▶ _AVAILABLE DATA_:
* * * * *

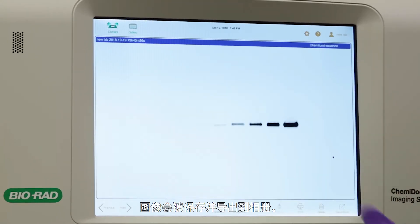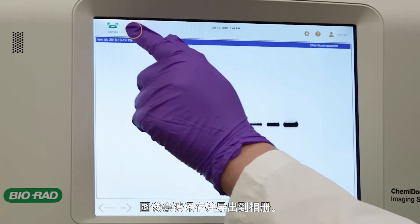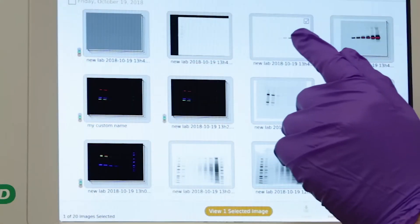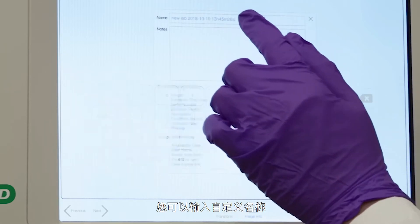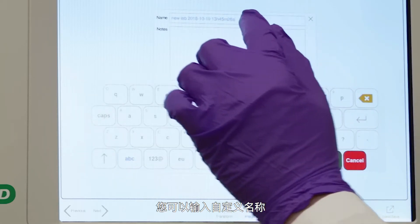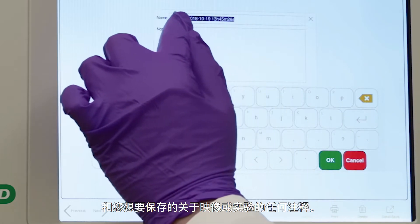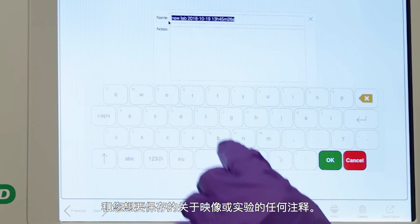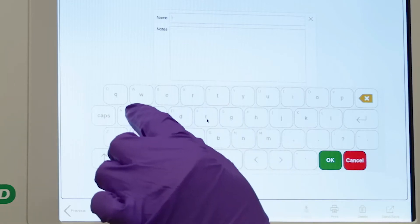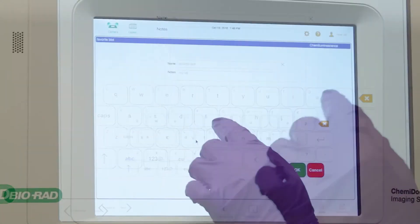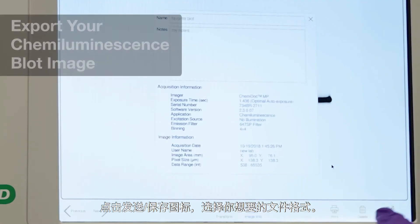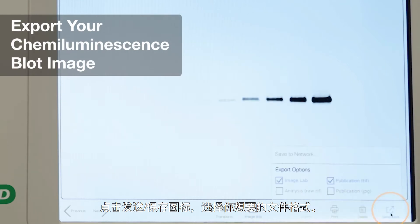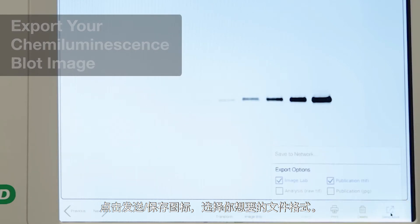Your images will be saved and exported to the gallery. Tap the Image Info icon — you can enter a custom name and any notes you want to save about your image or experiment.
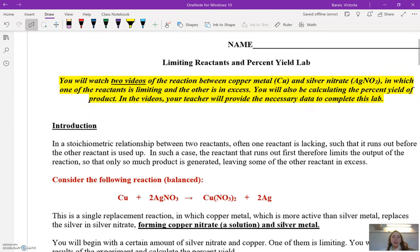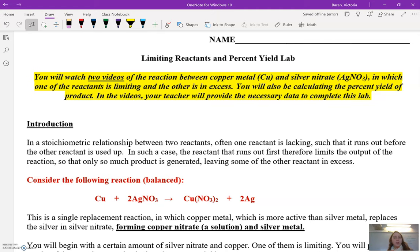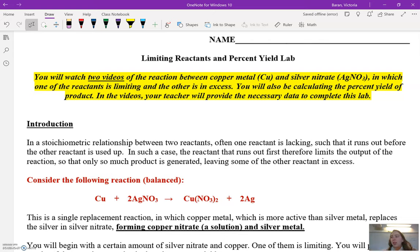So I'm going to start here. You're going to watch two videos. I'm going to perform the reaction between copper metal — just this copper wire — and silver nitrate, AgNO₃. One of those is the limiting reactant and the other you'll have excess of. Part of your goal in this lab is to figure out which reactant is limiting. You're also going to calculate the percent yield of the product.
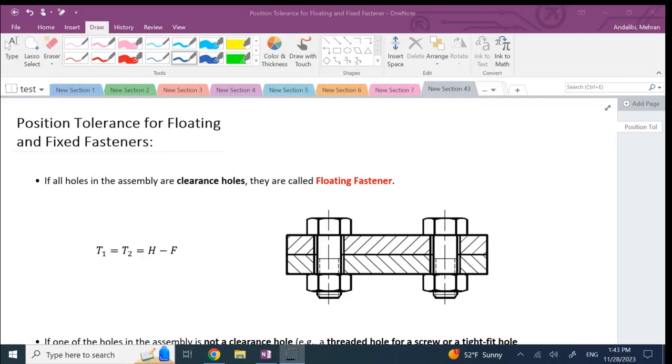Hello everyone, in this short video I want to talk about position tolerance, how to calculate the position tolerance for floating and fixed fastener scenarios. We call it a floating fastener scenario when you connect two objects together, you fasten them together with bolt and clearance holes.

* * * * *

▶ _TASK TO COMPLETE_: Only exact repeats of the lines from the one containing "So I'm going" through the end of the listing above are wanted here; pictures are not.

▶ _SOLUTION TO THIS EXERCISE_:
So I'm going to start here. You're going to watch two videos. I'm going to perform the reaction between copper metal — just this copper wire — and silver nitrate, AgNO₃. One of those is the limiting reactant and the other you'll have excess of. Part of your goal in this lab is to figure out which reactant is limiting. You're also going to calculate the percent yield of the product.
Hello everyone, in this short video I want to talk about position tolerance, how to calculate the position tolerance for floating and fixed fastener scenarios. We call it a floating fastener scenario when you connect two objects together, you fasten them together with bolt and clearance holes.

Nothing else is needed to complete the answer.